» **Description of the task**
From the line with "SENDAST П121 наклонные" to the final line of the records, reproduce every line exactly and only those lines.

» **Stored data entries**
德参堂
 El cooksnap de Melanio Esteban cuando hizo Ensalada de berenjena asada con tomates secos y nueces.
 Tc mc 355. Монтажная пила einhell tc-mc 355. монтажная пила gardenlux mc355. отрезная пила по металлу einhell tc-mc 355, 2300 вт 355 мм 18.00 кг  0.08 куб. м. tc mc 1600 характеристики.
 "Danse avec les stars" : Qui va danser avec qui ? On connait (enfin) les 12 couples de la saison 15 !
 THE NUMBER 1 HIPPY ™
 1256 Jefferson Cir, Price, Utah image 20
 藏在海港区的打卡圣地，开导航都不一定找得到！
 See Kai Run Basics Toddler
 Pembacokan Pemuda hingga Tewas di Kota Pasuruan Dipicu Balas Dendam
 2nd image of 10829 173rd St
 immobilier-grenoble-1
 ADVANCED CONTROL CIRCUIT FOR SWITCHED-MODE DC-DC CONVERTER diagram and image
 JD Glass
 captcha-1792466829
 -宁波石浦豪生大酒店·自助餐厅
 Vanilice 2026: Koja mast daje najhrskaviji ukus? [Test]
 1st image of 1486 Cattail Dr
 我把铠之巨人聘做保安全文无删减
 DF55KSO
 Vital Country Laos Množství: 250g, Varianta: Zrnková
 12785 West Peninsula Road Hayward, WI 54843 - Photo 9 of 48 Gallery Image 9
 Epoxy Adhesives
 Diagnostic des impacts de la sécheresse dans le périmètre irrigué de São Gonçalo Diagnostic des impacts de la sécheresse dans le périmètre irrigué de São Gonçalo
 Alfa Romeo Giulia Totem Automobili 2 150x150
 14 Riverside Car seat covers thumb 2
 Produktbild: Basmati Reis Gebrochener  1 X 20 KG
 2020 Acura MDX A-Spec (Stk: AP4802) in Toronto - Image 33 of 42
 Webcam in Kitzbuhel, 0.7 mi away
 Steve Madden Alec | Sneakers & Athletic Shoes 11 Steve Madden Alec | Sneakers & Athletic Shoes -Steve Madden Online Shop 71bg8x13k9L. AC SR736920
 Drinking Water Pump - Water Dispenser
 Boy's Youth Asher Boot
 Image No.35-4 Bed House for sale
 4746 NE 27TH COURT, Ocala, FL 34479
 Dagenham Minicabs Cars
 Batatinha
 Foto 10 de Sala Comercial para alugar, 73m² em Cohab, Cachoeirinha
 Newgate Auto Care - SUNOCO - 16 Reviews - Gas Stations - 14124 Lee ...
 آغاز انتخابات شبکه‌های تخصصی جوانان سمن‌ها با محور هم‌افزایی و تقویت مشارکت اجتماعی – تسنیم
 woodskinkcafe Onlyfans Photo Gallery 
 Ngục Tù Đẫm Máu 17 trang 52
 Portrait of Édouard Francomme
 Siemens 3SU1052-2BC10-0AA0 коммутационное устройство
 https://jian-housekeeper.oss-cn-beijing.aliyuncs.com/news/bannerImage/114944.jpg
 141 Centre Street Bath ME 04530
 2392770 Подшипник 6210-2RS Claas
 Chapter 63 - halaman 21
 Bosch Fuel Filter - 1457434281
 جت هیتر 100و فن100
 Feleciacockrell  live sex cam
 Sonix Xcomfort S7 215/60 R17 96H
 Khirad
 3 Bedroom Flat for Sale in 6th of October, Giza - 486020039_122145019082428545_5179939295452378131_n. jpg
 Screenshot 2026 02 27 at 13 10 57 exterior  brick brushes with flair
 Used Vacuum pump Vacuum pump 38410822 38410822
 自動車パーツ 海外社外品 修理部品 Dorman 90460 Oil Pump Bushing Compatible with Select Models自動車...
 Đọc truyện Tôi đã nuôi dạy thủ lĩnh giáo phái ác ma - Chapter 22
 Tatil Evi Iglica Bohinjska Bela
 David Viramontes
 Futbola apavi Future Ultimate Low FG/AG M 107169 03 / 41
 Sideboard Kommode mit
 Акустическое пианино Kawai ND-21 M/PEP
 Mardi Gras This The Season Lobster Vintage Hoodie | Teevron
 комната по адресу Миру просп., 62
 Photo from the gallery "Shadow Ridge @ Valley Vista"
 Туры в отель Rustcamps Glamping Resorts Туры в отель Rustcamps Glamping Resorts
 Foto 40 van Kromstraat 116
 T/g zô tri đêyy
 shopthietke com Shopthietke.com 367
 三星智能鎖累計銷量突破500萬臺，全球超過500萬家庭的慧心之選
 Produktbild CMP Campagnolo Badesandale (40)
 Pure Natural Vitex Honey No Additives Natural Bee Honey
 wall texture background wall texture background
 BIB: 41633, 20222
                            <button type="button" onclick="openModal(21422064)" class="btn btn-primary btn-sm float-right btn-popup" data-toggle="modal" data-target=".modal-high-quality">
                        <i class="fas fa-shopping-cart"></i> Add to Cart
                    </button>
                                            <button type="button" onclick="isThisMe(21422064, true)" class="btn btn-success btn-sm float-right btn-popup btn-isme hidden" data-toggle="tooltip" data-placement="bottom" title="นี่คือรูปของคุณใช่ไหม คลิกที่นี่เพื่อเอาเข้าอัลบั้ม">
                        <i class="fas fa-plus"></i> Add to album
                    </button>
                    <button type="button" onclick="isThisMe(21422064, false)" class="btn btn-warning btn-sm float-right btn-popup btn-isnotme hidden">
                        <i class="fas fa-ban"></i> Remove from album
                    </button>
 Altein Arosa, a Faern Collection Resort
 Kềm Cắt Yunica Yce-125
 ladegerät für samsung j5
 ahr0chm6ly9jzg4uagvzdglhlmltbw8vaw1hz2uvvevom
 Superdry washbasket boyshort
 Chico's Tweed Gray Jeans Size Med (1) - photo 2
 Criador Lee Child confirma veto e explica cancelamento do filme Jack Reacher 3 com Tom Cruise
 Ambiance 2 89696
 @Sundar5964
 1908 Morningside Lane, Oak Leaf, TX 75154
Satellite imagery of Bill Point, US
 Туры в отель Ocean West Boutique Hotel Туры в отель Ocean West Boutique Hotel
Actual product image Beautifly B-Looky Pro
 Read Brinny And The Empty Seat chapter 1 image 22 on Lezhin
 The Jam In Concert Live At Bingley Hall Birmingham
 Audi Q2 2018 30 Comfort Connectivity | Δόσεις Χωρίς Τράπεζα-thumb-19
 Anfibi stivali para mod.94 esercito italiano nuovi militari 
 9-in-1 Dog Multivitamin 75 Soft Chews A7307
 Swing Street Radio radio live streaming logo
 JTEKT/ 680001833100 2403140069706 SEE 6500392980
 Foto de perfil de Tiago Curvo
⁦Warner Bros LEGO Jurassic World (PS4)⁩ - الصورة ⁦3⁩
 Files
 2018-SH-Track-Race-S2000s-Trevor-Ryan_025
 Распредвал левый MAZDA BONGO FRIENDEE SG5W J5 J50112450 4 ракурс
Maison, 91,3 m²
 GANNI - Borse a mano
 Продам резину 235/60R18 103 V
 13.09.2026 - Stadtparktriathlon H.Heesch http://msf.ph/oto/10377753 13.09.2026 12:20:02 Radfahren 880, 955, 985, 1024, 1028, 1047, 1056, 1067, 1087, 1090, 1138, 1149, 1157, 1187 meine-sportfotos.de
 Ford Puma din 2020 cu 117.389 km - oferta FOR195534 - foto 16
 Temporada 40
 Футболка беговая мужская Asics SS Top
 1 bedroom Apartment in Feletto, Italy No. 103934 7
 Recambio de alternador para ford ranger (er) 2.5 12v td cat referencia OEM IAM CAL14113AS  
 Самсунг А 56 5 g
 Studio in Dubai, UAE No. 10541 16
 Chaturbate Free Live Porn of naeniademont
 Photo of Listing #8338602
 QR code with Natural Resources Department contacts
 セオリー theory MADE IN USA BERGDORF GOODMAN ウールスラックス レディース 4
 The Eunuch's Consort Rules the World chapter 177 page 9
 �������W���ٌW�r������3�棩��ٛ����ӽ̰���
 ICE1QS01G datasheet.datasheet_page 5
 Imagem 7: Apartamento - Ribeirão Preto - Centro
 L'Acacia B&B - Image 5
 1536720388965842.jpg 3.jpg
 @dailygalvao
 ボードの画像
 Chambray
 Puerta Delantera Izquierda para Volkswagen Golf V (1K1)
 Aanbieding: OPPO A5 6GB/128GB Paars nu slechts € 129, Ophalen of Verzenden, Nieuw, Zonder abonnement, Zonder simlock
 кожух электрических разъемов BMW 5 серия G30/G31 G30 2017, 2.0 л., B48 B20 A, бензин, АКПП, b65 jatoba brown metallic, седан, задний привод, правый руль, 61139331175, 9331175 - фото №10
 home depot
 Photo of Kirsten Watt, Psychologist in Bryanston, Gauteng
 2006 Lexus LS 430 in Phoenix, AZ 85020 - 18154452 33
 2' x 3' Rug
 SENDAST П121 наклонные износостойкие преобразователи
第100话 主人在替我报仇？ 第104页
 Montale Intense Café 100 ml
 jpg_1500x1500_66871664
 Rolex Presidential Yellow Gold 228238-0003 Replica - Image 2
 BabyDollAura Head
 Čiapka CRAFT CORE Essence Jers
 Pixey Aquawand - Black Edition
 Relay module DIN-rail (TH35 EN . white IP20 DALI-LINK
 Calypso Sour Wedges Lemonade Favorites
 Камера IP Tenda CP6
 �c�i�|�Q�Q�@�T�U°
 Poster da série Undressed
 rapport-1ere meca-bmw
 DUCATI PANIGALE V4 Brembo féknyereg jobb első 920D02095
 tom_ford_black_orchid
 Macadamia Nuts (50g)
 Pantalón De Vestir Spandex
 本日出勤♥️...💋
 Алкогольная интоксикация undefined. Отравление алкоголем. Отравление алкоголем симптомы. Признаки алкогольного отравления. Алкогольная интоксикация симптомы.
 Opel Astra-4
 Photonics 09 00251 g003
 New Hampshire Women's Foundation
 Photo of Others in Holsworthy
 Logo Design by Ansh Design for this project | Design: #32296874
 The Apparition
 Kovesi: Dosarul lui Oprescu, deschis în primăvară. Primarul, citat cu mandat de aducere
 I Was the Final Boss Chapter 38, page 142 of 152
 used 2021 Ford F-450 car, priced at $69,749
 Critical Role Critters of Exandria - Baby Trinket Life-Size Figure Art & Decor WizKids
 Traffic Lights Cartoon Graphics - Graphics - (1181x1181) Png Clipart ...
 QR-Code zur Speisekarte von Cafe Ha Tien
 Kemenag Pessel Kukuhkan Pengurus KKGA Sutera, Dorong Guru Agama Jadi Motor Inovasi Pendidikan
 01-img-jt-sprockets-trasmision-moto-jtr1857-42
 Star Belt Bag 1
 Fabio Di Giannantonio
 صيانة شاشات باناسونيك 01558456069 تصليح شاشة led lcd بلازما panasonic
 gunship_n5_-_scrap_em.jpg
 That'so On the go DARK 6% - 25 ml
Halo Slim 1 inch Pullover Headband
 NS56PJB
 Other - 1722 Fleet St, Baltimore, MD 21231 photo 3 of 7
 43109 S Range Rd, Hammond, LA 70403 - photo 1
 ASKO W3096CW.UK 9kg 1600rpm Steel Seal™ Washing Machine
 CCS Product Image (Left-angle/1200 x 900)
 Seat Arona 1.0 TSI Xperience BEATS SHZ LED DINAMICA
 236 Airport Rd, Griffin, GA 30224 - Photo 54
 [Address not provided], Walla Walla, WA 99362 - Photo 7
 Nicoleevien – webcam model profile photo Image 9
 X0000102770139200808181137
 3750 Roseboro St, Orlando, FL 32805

» **Solution to this task**
 SENDAST П121 наклонные износостойкие преобразователи
第100话 主人在替我报仇？ 第104页
 Montale Intense Café 100 ml
 jpg_1500x1500_66871664
 Rolex Presidential Yellow Gold 228238-0003 Replica - Image 2
 BabyDollAura Head
 Čiapka CRAFT CORE Essence Jers
 Pixey Aquawand - Black Edition
 Relay module DIN-rail (TH35 EN . white IP20 DALI-LINK
 Calypso Sour Wedges Lemonade Favorites
 Камера IP Tenda CP6
 �c�i�|�Q�Q�@�T�U°
 Poster da série Undressed
 rapport-1ere meca-bmw
 DUCATI PANIGALE V4 Brembo féknyereg jobb első 920D02095
 tom_ford_black_orchid
 Macadamia Nuts (50g)
 Pantalón De Vestir Spandex
 本日出勤♥️...💋
 Алкогольная интоксикация undefined. Отравление алкоголем. Отравление алкоголем симптомы. Признаки алкогольного отравления. Алкогольная интоксикация симптомы.
 Opel Astra-4
 Photonics 09 00251 g003
 New Hampshire Women's Foundation
 Photo of Others in Holsworthy
 Logo Design by Ansh Design for this project | Design: #32296874
 The Apparition
 Kovesi: Dosarul lui Oprescu, deschis în primăvară. Primarul, citat cu mandat de aducere
 I Was the Final Boss Chapter 38, page 142 of 152
 used 2021 Ford F-450 car, priced at $69,749
 Critical Role Critters of Exandria - Baby Trinket Life-Size Figure Art & Decor WizKids
 Traffic Lights Cartoon Graphics - Graphics - (1181x1181) Png Clipart ...
 QR-Code zur Speisekarte von Cafe Ha Tien
 Kemenag Pessel Kukuhkan Pengurus KKGA Sutera, Dorong Guru Agama Jadi Motor Inovasi Pendidikan
 01-img-jt-sprockets-trasmision-moto-jtr1857-42
 Star Belt Bag 1
 Fabio Di Giannantonio
 صيانة شاشات باناسونيك 01558456069 تصليح شاشة led lcd بلازما panasonic
 gunship_n5_-_scrap_em.jpg
 That'so On the go DARK 6% - 25 ml
Halo Slim 1 inch Pullover Headband
 NS56PJB
 Other - 1722 Fleet St, Baltimore, MD 21231 photo 3 of 7
 43109 S Range Rd, Hammond, LA 70403 - photo 1
 ASKO W3096CW.UK 9kg 1600rpm Steel Seal™ Washing Machine
 CCS Product Image (Left-angle/1200 x 900)
 Seat Arona 1.0 TSI Xperience BEATS SHZ LED DINAMICA
 236 Airport Rd, Griffin, GA 30224 - Photo 54
 [Address not provided], Walla Walla, WA 99362 - Photo 7
 Nicoleevien – webcam model profile photo Image 9
 X0000102770139200808181137
 3750 Roseboro St, Orlando, FL 32805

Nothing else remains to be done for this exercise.